How this study might affect research, practice or policy

  • This study highlights the importance of building datasets of clinical conversations and other healthcare-based natural language sources for use in clinical research.

  • This study suggests several further research topics combining the fields of clinical primary care and machine learning.

Introduction

Technology is becoming increasingly pervasive in primary care1 and a significant proportion of a clinician’s day is spent interacting with the patient electronic health record (EHR). EHRs are a form of ‘handover’, either to another health professional, or to the same clinician when they meet the patient again; the records also provide key evidence in legal cases and are used for performance targets (such as the UK National Health Service Quality and Outcomes Framework) and billing (in the USA). EHRs incorporate free text and clinical codes such as SNOMED-CT, ICD (International Classification of Diseases) or Read codes. Historically, EHRs have been for clinicians only, but incoming UK legislation will open these records to be viewed by patients as well. For all these reasons, it is vital that clinical notes and their associated codes are accurate and complete.

Modern EHR systems used in UK primary care (such as EMIS, SystmOne and Vision) can also direct clinicians to clinically relevant local or national guidelines if the clinician enters an appropriate clinical code. However, clinical codes are often associated with the diagnosis rather than the presenting complaint so may only be entered at the conclusion of the consultation or even after the patient has left. Writing EHR notes or entering clinical codes during a consultation can be disruptive as the clinician has to focus on data capture rather than the patient.2 3 Motivated by this, we investigated the first steps towards a natural language processing (NLP)4 application that can ‘listen’ to a conversation between general practitioner (GP) and patient and automatically recommend clinical codes.

NLP has previously been applied to healthcare in a wide range of applications; for example, to process and analyse patient feedback,5 identify risk factors,6 symptoms and treatments,7 or suspected disease8 from clinical notes, or even to generate notes automatically from structured hospital data.9 The technology to transcribe speech to text already exists in tools such as ‘Otter.ai’,10 which could enable text processing of clinical conversations. However, the systematic evaluation of the use of NLP for interpreting conversations between clinicians and patients is lacking.11–14

We treated the task of assigning clinical codes to transcripts as text classification, which can be addressed using supervised learning. However, training data are in short supply, and recent NLP approaches based on deep learning are data hungry. This research assessed a series of text classifiers trained with small datasets to identify clinical codes associated with real-life GP–patient consultations. Our objectives were to evaluate: (1) the performance of different kinds of text classifiers; (2) the effect of training classifiers using existing medical code descriptions rather than example consultations; (3) the contribution of patients’ speech to correct classifications in addition to the clinician’s speech and (4) opportunities for improving the classifiers in future.

Methods

Data sources

‘One in a Million’ dataset

The ‘One in a Million’ (OIAM) dataset15 contains 300 video and audio recordings and verbatim transcripts of real clinical consultations conducted in 12 GP practices around Bristol in English with adult patients with permission in place for reuse. These consultations are associated with one or more International Classification of Primary Care (ICPC-2) clinical problem codes assigned by human coders. Both anonymised transcripts and ICPC-2 codes were available for 239 consultations.16 A fictional but representative part of a consultation transcript is shown in online supplemental appendix A.

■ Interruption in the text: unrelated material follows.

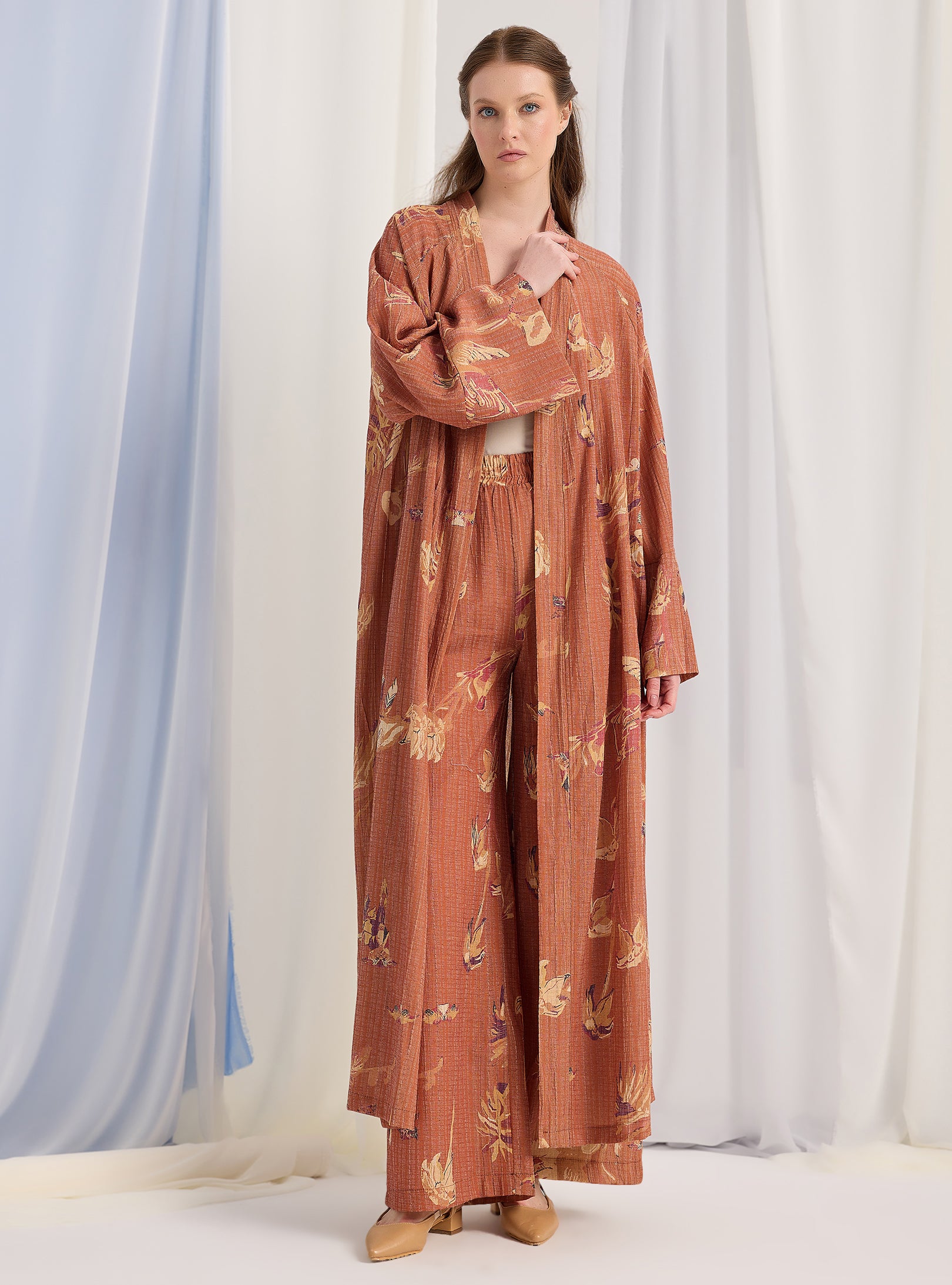 Orange Kimono & Trouser Set - Store WF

ICPC-2: ICPC-2 code descriptions

This is a primary care focused set of approximately 1300 low-level codes related to clinical problems that are grouped into 17 high level chapters or codes associated with clinical problem areas such as ‘urinary’ or ‘circulatory’.17 The ICPC-2e-V.7.0 comma separate values file18 was used to create a data dictionary of high-level codes associated with relevant words for that group of conditions.

National Institute for Health and Care Clinical Knowledge Summaries

We created a National Institute for Health and Care Clinical Knowledge Summaries (NICE CKS) ‘Health Topics’ dataset using the ‘Web Scraper.io’ Google Chrome extension on 29 July 2021 from the publicly available web resource covering over 370 clinical topics.19 For each health topic, we considered text from sections: ‘Causes’, ‘Definition’, ‘Diagnosis’, ‘Clinical features’, ‘History’, ‘Presentation’, ‘Signs and symptoms’ and ‘When to suspect’. The clinical author mapped each NICE CKS topic to one or more ICPC-2 codes (see online supplemental appendix B: ICPC-2 codes and consultations). Then, for each ICPC-2 code, all the related CKS health topics were concatenated into a single document corresponding to that ICPC-2 code. While the ICPC-2 descriptions contain lists of relevant keywords, CKS health topics contain complete sentences that may convey additional information such as descriptions of symptoms.

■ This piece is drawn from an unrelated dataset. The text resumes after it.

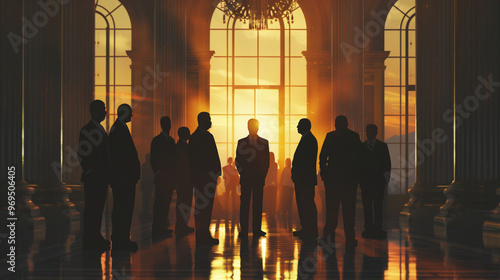 Silhouetted figures against grand, illuminated arch window. Opulent interior with chandelier. Golden sunset glow. Powerful group overlooking expansive view. Secret meeting ambiance photo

Training the NLP classifiers

We initially used the OIAM dataset to train and test a series of classifiers using standard supervised learning (objective (1)). We held out a stratified sample of 20% (48 transcripts) of OIAM as a test set, using the remainder (191 transcripts) for training. Hyperparameter tuning was performed using fivefold cross-validation on the training split (see online supplemental appendix D).

Supervised learning requires a training dataset containing sufficiently representative examples for each class label, yet our training set contains only a small number of example consultations per code. We, therefore, introduced a second approach, ‘distant supervision’, that used the ICPC-2 code descriptions and NICE CKS datasets as training examples and tested the classifiers on the OIAM dataset (objective 2). We also tested excluding the ‘A: General’ classification as it includes a wide spectrum of clinical conditions from ‘pain general/multiple sites’ to ‘viral disease other’, and thus assigning the code was unlikely to aid GPs and may confuse the classifiers. Finally, we analysed distant supervision performance considering only the GP’s half of the conversation to determine whether transcribing patient’s speech is beneficial (objective 3).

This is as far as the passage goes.